You would hope that there would be staff around the university who would be able to fix these problems but fundamentally the people who care most about student wellbeing are other students. This is what your student representation is all about and why I’ve dedicated two years of my time here to working in CUSU LGBT+. Our own work in 2013 found that over half of trans students had been treated negatively by a member of staff. While there is significant amounts of news on any perceived failings within CUSU there’s very little on what your university is getting away with.

Students should be demanding an inclusive and high quality learning environment and for that to happen the university needs to listen to the voices of students. One of the key issues CUSU LGBT+ has been working on is gaining places in the university’s committees, the decision makers for the university. We think it’s outrageous that the university won’t even let your elected LGBT+, BME, disabled students and international student representatives be a part of its Equality and Diversity committee. Like each of the university’s committees it is made up almost exclusively of staff despite the fact that there are almost twice as many students here as staff. Staff members will never be acceptable substitutes for student representatives as coming here for your job is miles away from the student experience of living here for months at a time.

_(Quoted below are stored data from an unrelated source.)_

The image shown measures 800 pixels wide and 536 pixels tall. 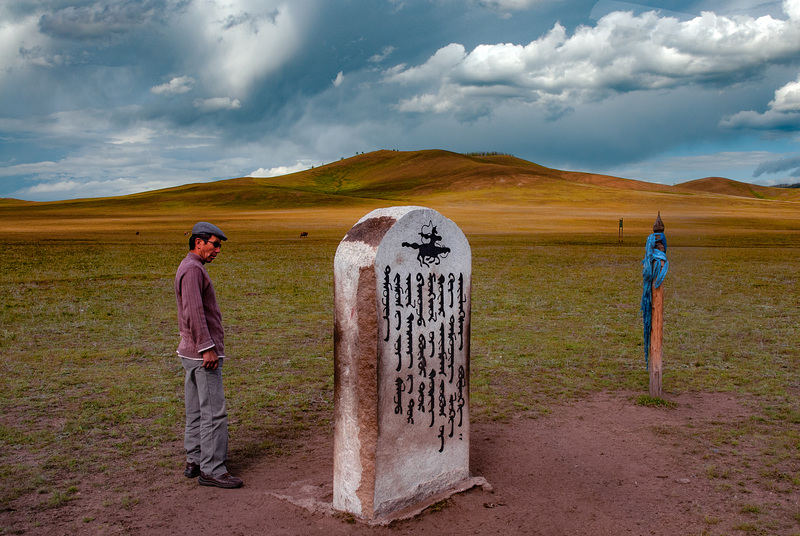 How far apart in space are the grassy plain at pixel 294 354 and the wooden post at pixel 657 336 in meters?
0.50

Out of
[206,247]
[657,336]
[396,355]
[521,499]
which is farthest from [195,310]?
[657,336]

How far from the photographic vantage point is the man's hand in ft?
18.2

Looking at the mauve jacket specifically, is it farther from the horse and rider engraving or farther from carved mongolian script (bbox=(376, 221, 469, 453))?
the horse and rider engraving

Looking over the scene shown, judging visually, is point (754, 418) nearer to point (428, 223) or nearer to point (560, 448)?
point (560, 448)

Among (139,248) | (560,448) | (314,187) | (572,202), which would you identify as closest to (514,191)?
(572,202)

At the start of LGBT+ history month the university singed up to an ‘Equality Pledge’ saying that they “believe in the dignity of all people and their right to respect and equality of opportunity.” For this to be more than a vacuous piece of self-promotion the university needs to fundamentally shift its attitude towards its students, to take their views and issues seriously. Students are at the heart of this university and they deserve to be valued by it. As LGBT+ history month comes to a close it’s time to remember that we didn’t get here without a struggle and there is much left to do. Be angry that students still face discrimination and demand that your university does better.